What should you consider at the end of the holiday year?
The end of the Danish holiday year marks not only the transition of seasons but also the onset of various practical challenges encountered by payroll departments in relation to the management of the remaining holidays.
In this article, we have assembled and provided answers to the most frequently encountered inquiries concerning the end of the Danish holiday year in order to equip you with the requisite knowledge for navigating the complexities of this matter.
1 What is the difference between the holiday year and the holiday settlement year?
The Danish holiday year runs from September 1 to August 31 of the following year.
All employees accumulate 25 days of holiday per holiday year, meaning the employees will accumulate 2.08 holidays per month.
The holiday earned during a holiday year can be taken in the period from 1 September to 31 December of the following year (ferieafviklingsår). The holiday settlement year is therefore the holiday year plus the subsequent four months.
2 How many days of holiday must be settled?
As a general rule, 20 days of the accumulated holiday must be settled in the holiday settlement year and cannot be transferred or paid out to the next settlement year. Any employee who has accumulated 25 days of annual holiday can therefore, in agreement with the employer, transfer a maximum of five days into the following holiday settlement year. If no agreement is made to transfer these remaining holidays, the employee is entitled to payment of the five days.
If the 20 days are not settled, they must be paid into the Labor Market Holiday Fund (Arbejdsmarkedets Feriefond) or another private holiday fund and the employee thereby loses the entitlement.
However, if the employee is prevented from taking the holiday within the holiday settlement year due to a holiday obstacle, such as illness or maternity leave, up to 20 days of holiday can be transferred to the following holiday settlement year.

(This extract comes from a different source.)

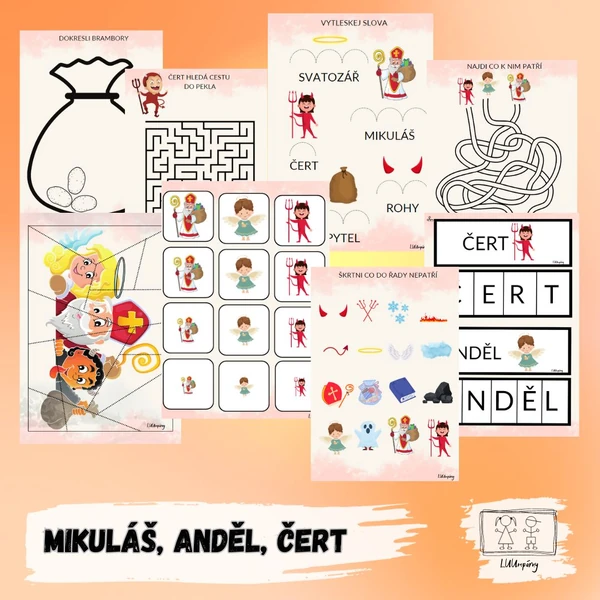 Mikuláš, čert a anděl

If the employee is still sick or another holiday obstacle occurs in the following holiday settlement year, the transferred days of holiday can be paid out to the employee.

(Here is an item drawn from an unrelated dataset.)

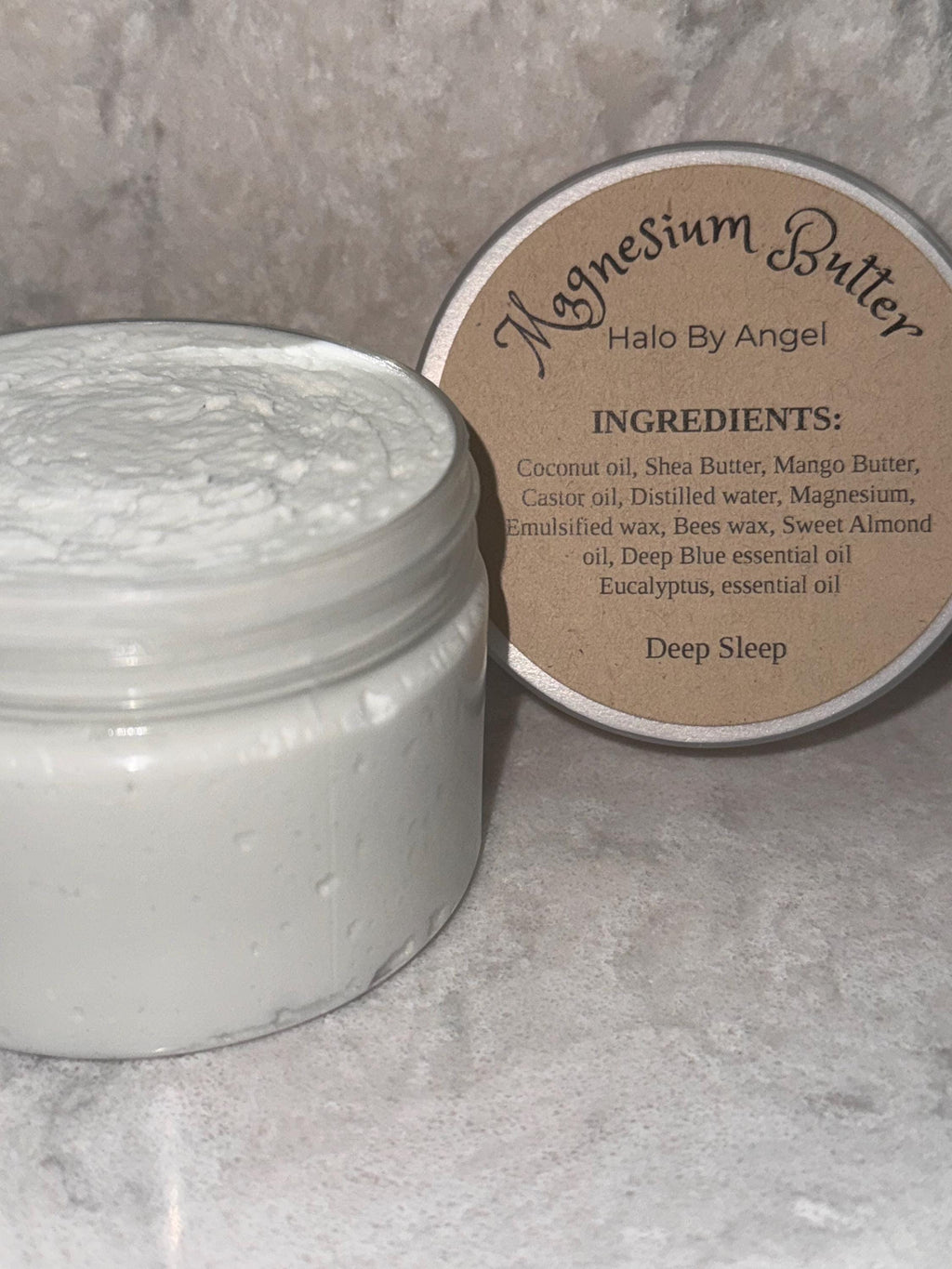 Magnesium Foot & Body Butter Deep Sleep Teakwood 4 oz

3 How is holiday transferred?
Holiday that exceeds 20 days of holiday (the so-called 5th holiday week) can by agreement be transferred to the following holiday settlement year, currently to the period September 1, 2023, to December 31, 2024.
The employee has no legal right to transfer these holidays. The transfer of holiday always requires an agreement between the employer and the employee. This agreement must be concluded no later than December 31.

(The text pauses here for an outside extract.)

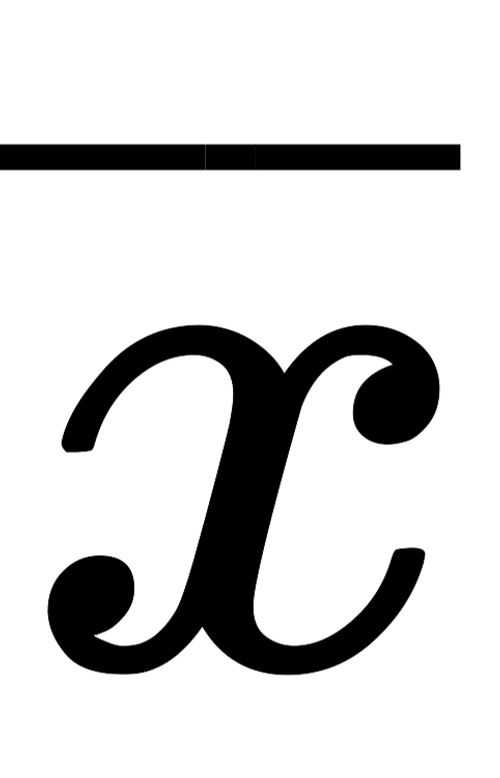 {\displaystyle {\overline {x}}}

We recommend a short-written agreement between the employer and employee, so the payroll administration can register the changes. A confirmation by email is also sufficient.
4 When can the 5th week of holiday be paid out?
If the employee was only able to take 20 days of holiday and no agreement was made to transfer the remaining holiday, the employee is entitled to payment for the 5th week of holiday.
Employers must pay the employee for holiday that exceeds 20 days and that has not been taken or transferred to the following year, no later than March 31, 2024.
Payment to the employee may also be made during the period from September 1 to December 31, 2023, if the employer and employee agree.
5 Can the employer impose the settlement of the remaining holiday until December 31, 2023?
If the employer wants the remaining holiday to be held and not transferred or paid out, the employer may order the holiday to be taken with one month’s notice. Holiday that is to be taken in December 2023 must therefore be announced to the employee no later than October 31, 2023.
We recommend that all employers review the employees’ holiday balances in October 2023 and decide during October, how the holiday balances should be handled. For companies with many employees, it is advisable to regulate such issues in the personnel handbook or a holiday policy.